* [Your task]:
Write the entries out again exactly as they stand, but without the pictures.
◆ ◆ ◆ ◆ ◆ ◆ ◆
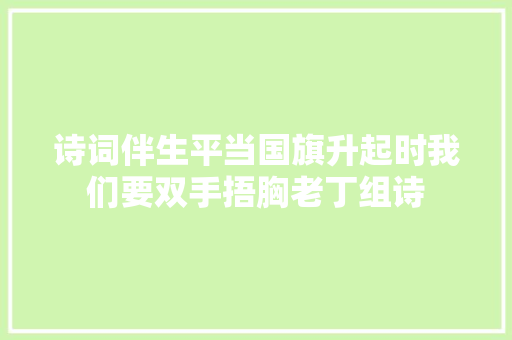 诗词伴生平当国旗升起时我们要双手捂胸老丁组诗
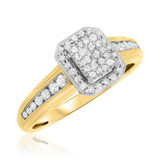 Photo of Journee 1/2 ct tw. Diamond Fancy Cluster Engagement Ring 10K Yellow Gold [BT642YE-C000]
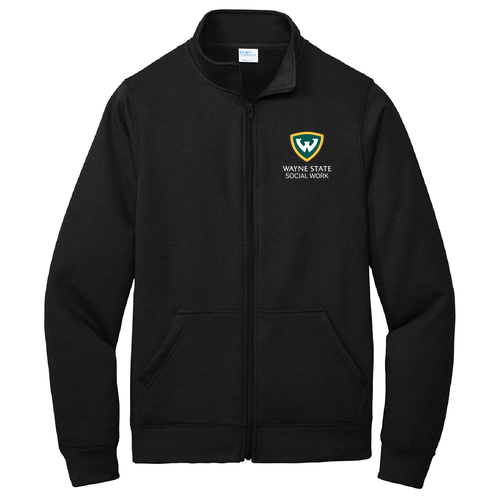 WSU Shield Logo Full-Zip Sweatshirt in Jet Black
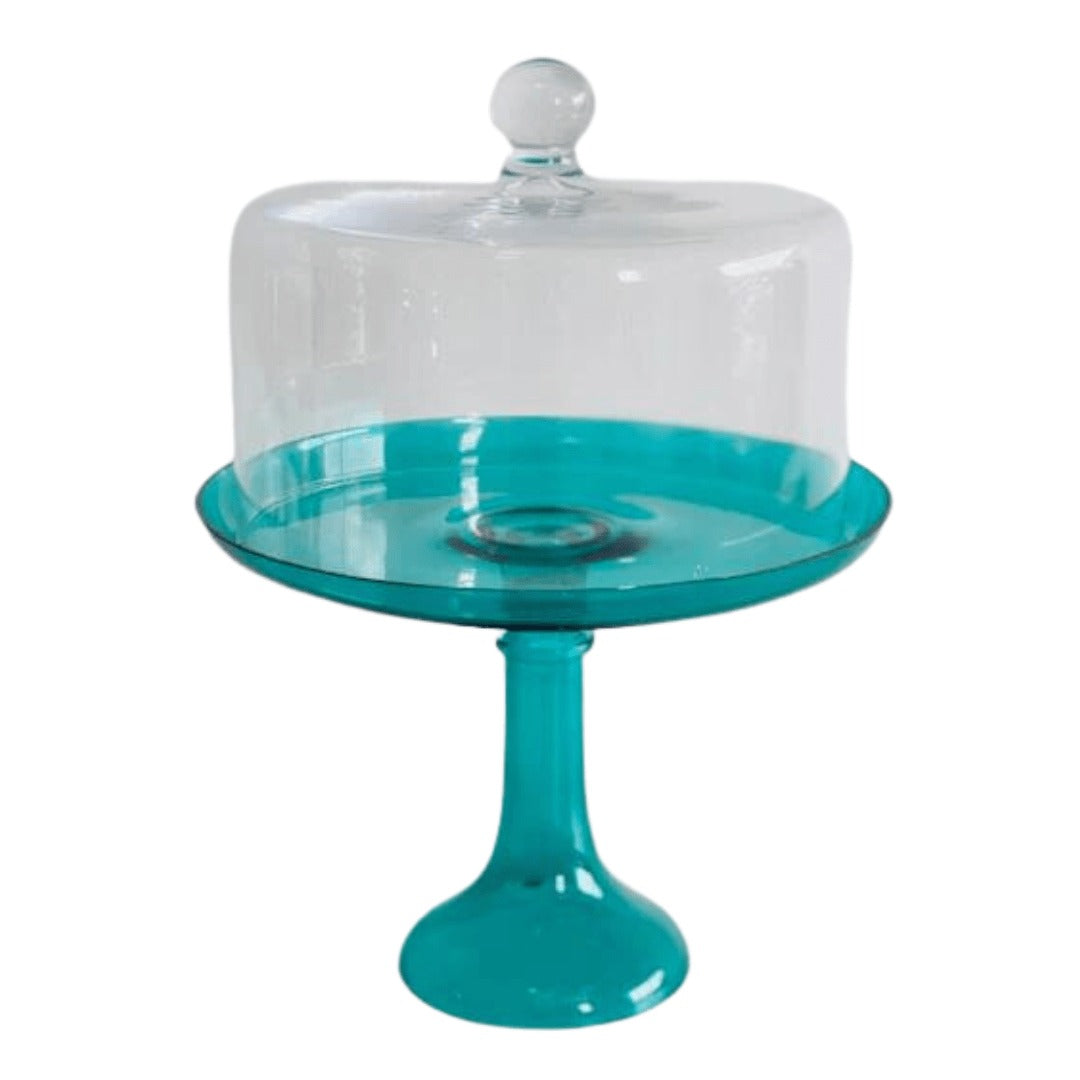 Emerald Green Glass Cake Stand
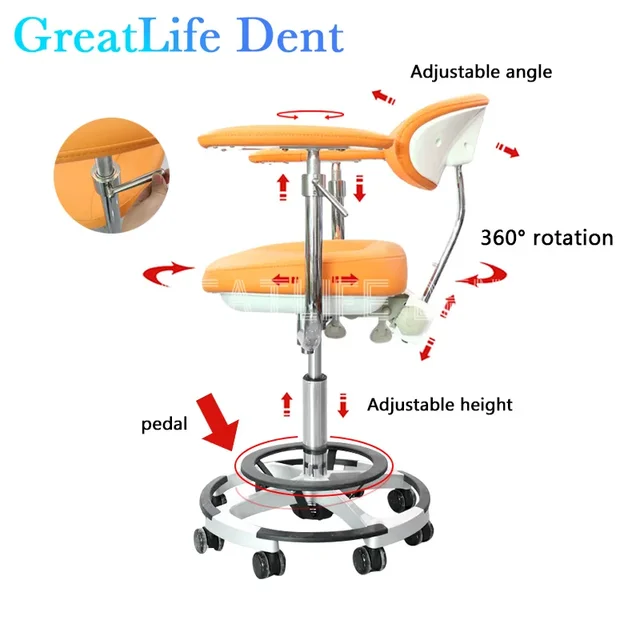 GreatLife Dent Dentist Seat Mobile Office Chair High Quality PU Leather Height Adjustable Dentist Opertional Doctors Chair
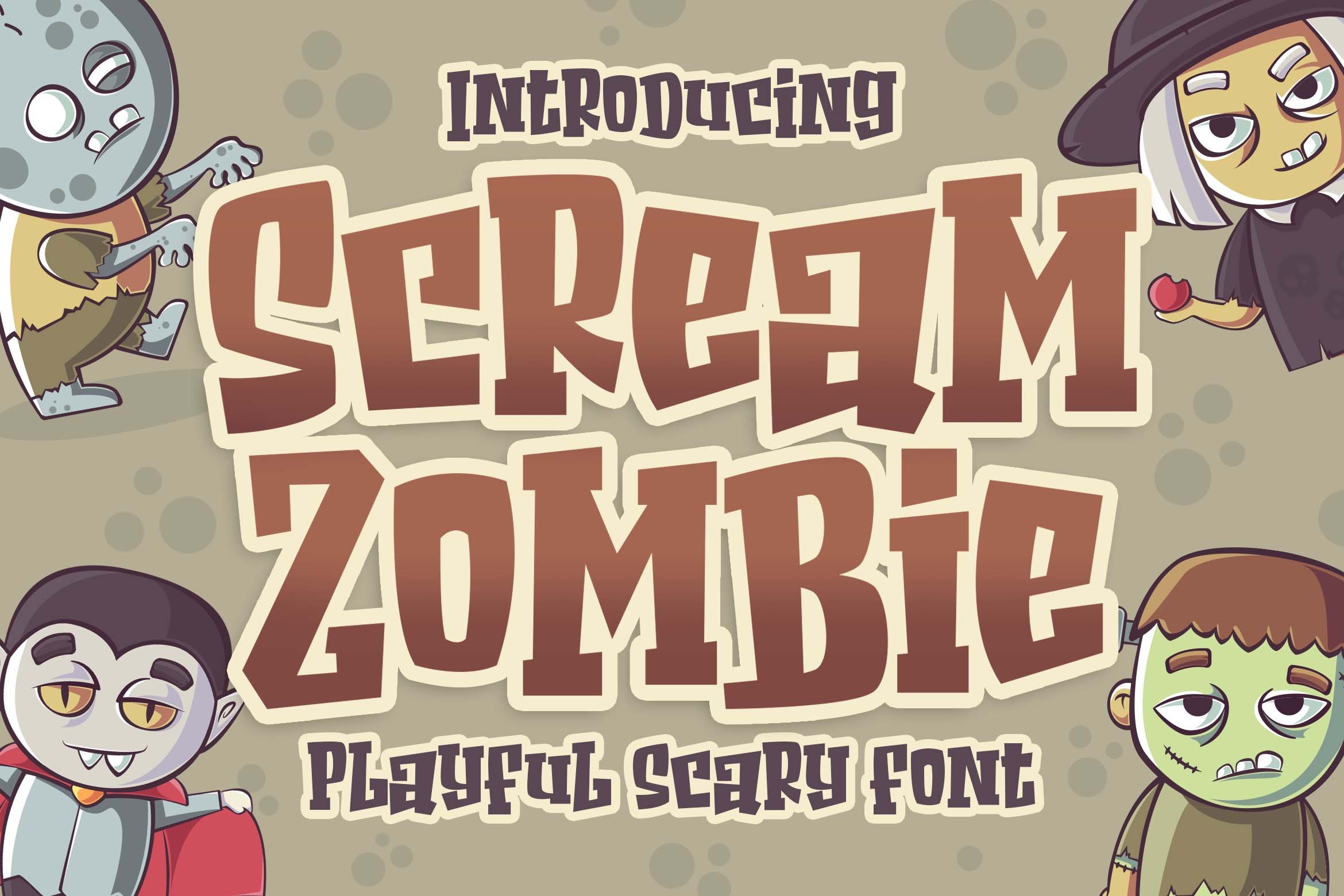 Scream Zombie - Playful Scary Font cover image.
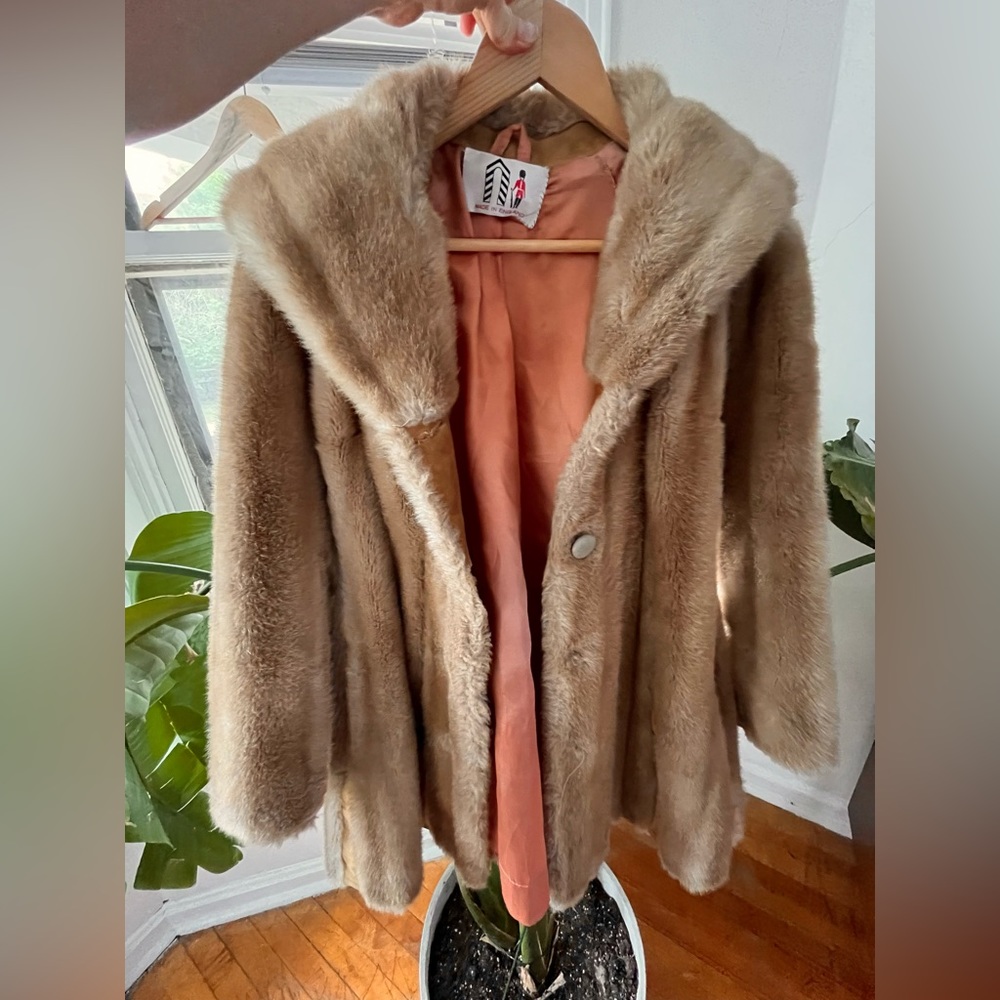 Vintage made in England 60s faux fur and suede jacket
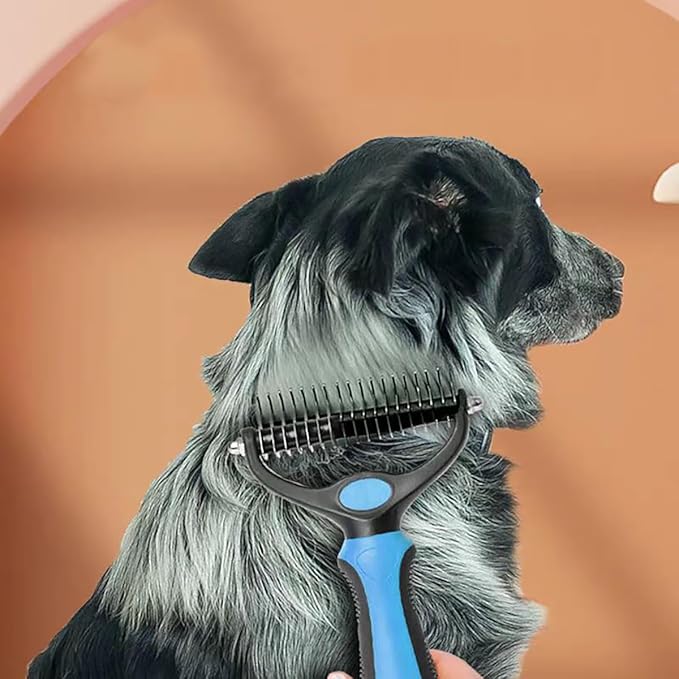 Pet Dematting Tool 2 Pack Double Sided Undercoat Rake & Dematting Comb for Cats and Dogs for Detangling Matted or Knotted Undercoat Hair (Blue & Black, Large)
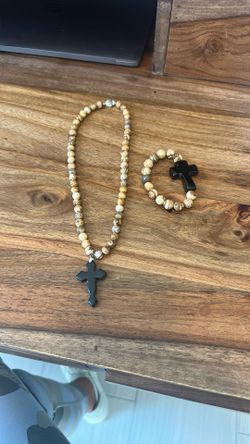 Natural Jasper & Black Onyx Gemstone Necklace And Bracelet Set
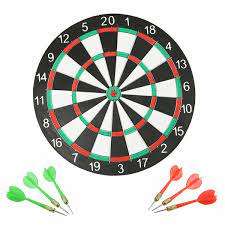 Dart Board With 6 Darts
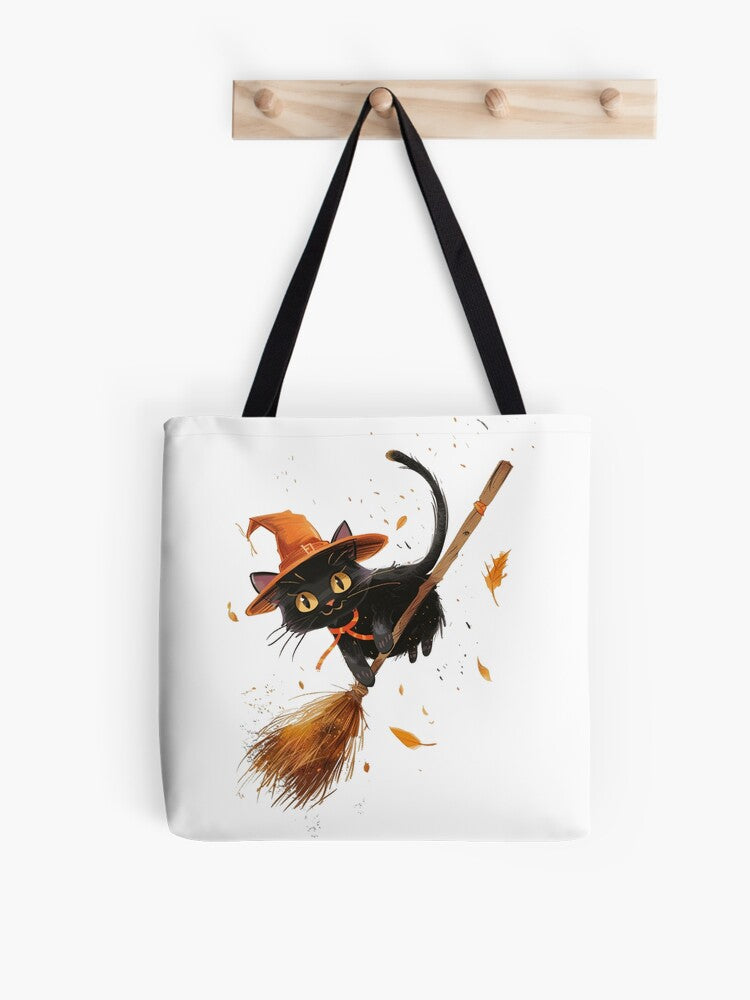 Cute Halloween Black Cat Witch Kitten Flying On Broomstick Illustration Tote Bag | Spooky Halloween Tote Bag | Trendy Reusable Bag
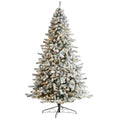 Nearly Natural Flocked Rock Springs Spruce Christmas Tree with LED Lights and Bendable Branches-Size:108"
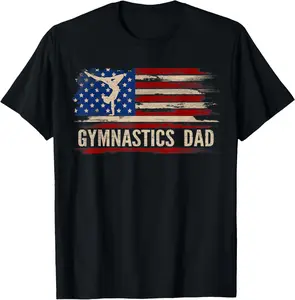 100% Cotton Vintage Gymnastics Dad American USA Flag Sports Gift T-Shirt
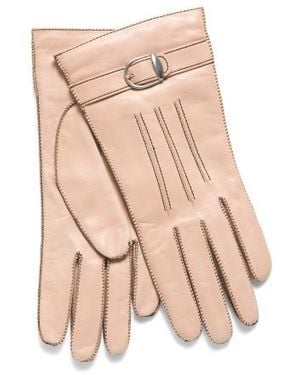 Marshalls Leather Gloves With Wool And Cashmere Blend Lining And Buckle Accent For - Natural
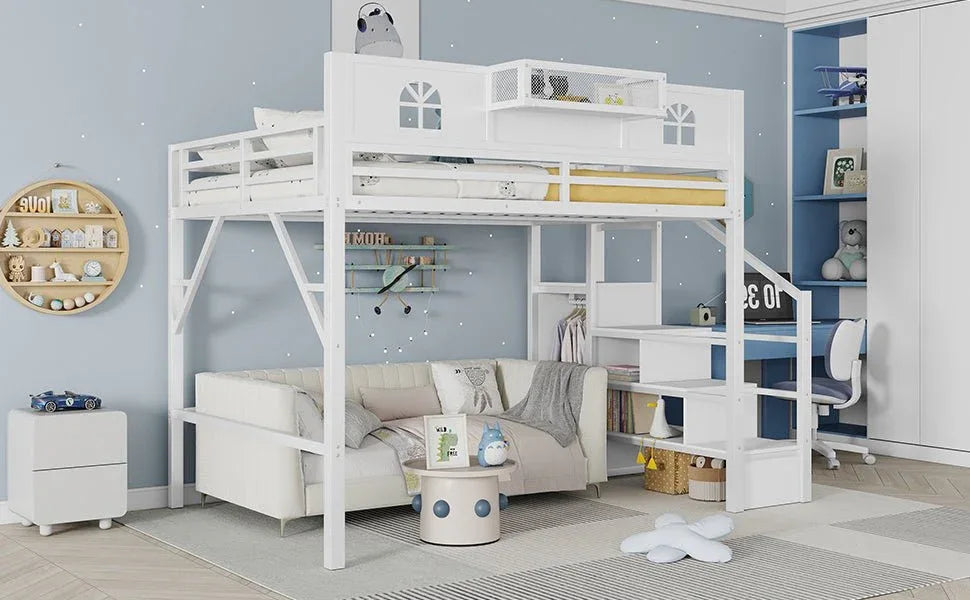 Queen Metal Loft Bed With Stairs High Guardrails Wardrobe - Omega Lifestyles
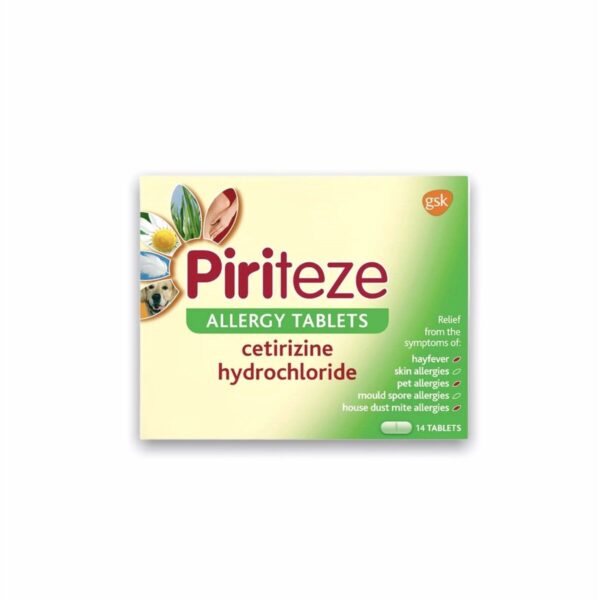 Piriteze Antihistamine Allergy Relief – 30 Tablets  -  Allergy Capsules & Tablets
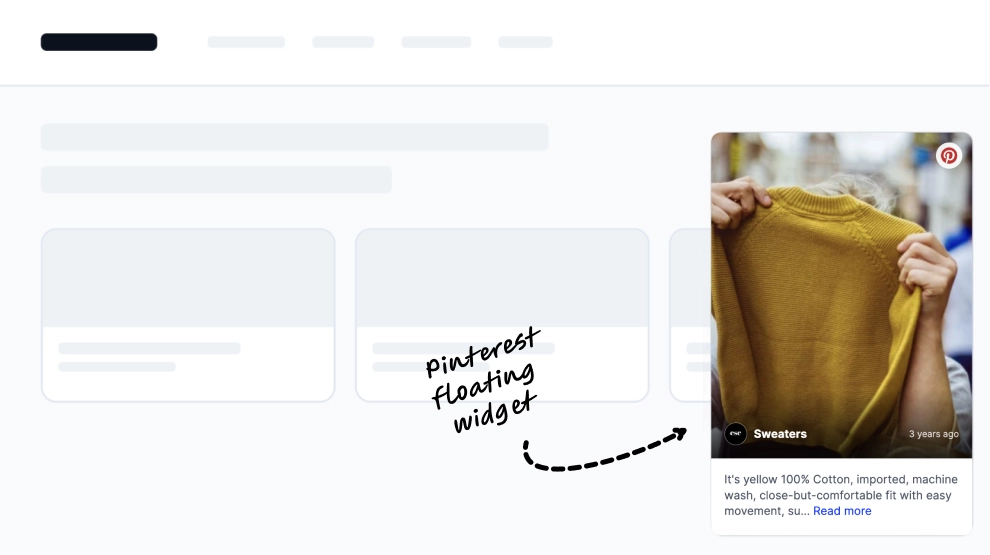 Widget Emergente de Últimos Pines de Pinterest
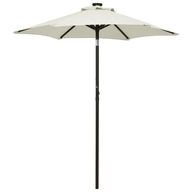Dáždnik s LED svetlami, pieskový, 200x211 cm, alum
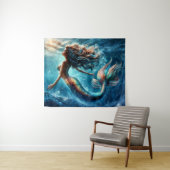 Tenture Dreamy océanique sirène fille imaginaire créature (En situation (horizontale))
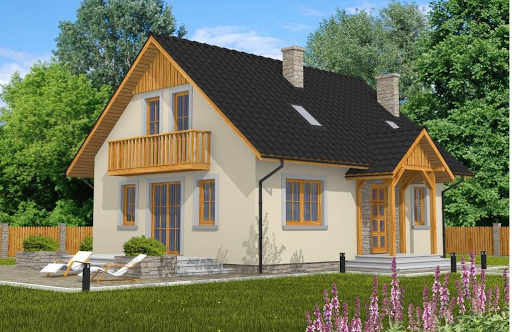 projekt domu Domek Prosty szkielet drewniany 009SK
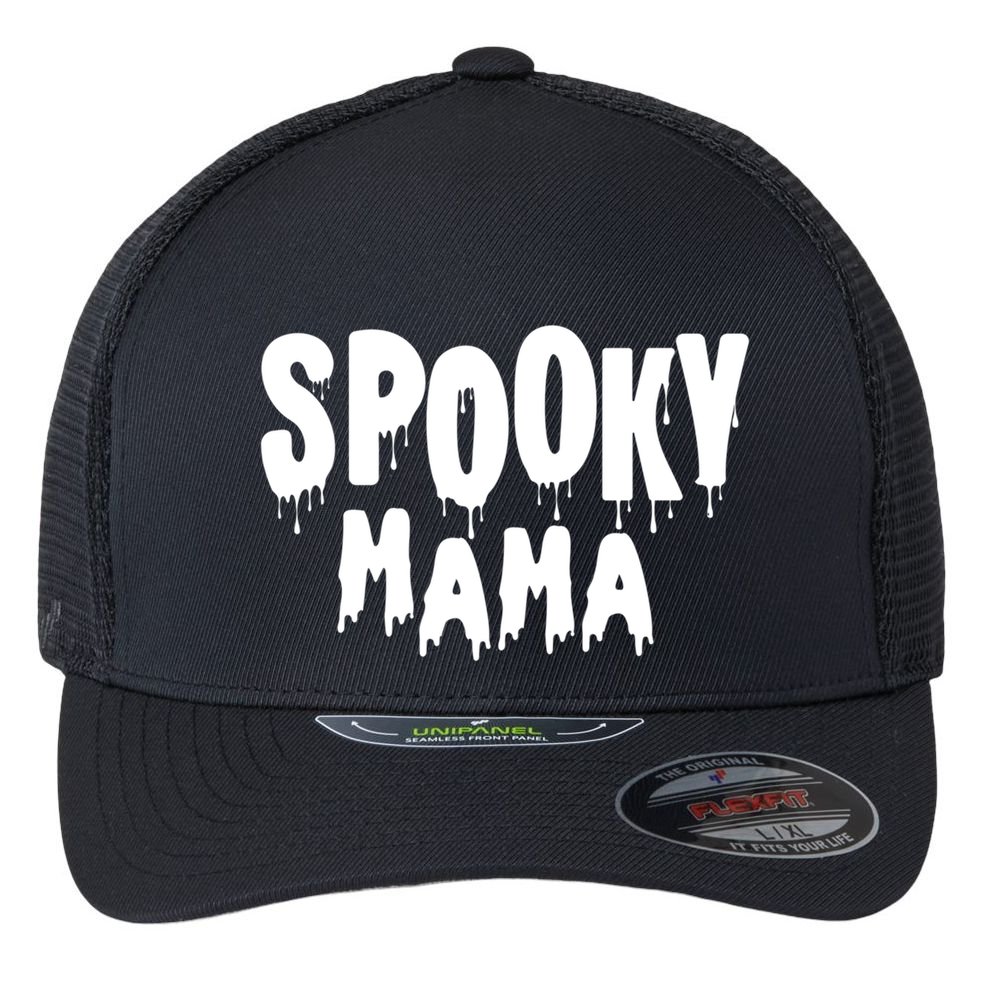 Spooky Mama Halloween Funny Gift Cute Gift Flexfit Unipanel Trucker Cap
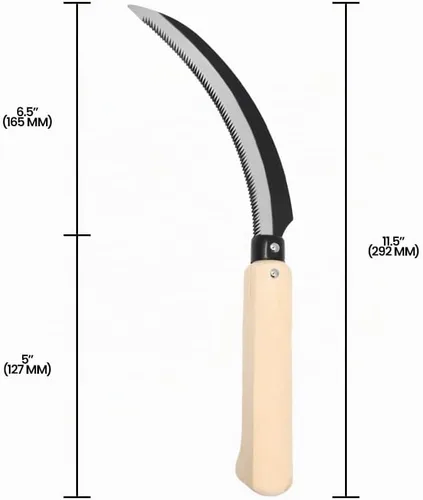 Vista 6 de Zenport K202 - Cuchillo de cosecha de lavanda para hoz/bayas, mango de madera con muescas, hoja dentada curvada de 6.5 pulgadas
◆ ◆ ◆ ◆ ◆ ◆ ◆
* [Your solution]:
 诗词伴生平当国旗升起时我们要双手捂胸老丁组诗
 Photo of Journee 1/2 ct tw. Diamond Fancy Cluster Engagement Ring 10K Yellow Gold [BT642YE-C000]
 WSU Shield Logo Full-Zip Sweatshirt in Jet Black
 Emerald Green Glass Cake Stand
 GreatLife Dent Dentist Seat Mobile Office Chair High Quality PU Leather Height Adjustable Dentist Opertional Doctors Chair
 Scream Zombie - Playful Scary Font cover image.
 Vintage made in England 60s faux fur and suede jacket
 Pet Dematting Tool 2 Pack Double Sided Undercoat Rake & Dematting Comb for Cats and Dogs for Detangling Matted or Knotted Undercoat Hair (Blue & Black, Large)
 Natural Jasper & Black Onyx Gemstone Necklace And Bracelet Set
 Dart Board With 6 Darts
 Cute Halloween Black Cat Witch Kitten Flying On Broomstick Illustration Tote Bag | Spooky Halloween Tote Bag | Trendy Reusable Bag
 Nearly Natural Flocked Rock Springs Spruce Christmas Tree with LED Lights and Bendable Branches-Size:108"
 100% Cotton Vintage Gymnastics Dad American USA Flag Sports Gift T-Shirt
 Marshalls Leather Gloves With Wool And Cashmere Blend Lining And Buckle Accent For - Natural
 Queen Metal Loft Bed With Stairs High Guardrails Wardrobe - Omega Lifestyles
 Piriteze Antihistamine Allergy Relief – 30 Tablets  -  Allergy Capsules & Tablets
 Widget Emergente de Últimos Pines de Pinterest
Dáždnik s LED svetlami, pieskový, 200x211 cm, alum
 Tenture Dreamy océanique sirène fille imaginaire créature (En situation (horizontale))
 projekt domu Domek Prosty szkielet drewniany 009SK
 Spooky Mama Halloween Funny Gift Cute Gift Flexfit Unipanel Trucker Cap
 Vista 6 de Zenport K202 - Cuchillo de cosecha de lavanda para hoz/bayas, mango de madera con muescas, hoja dentada curvada de 6.5 pulgadas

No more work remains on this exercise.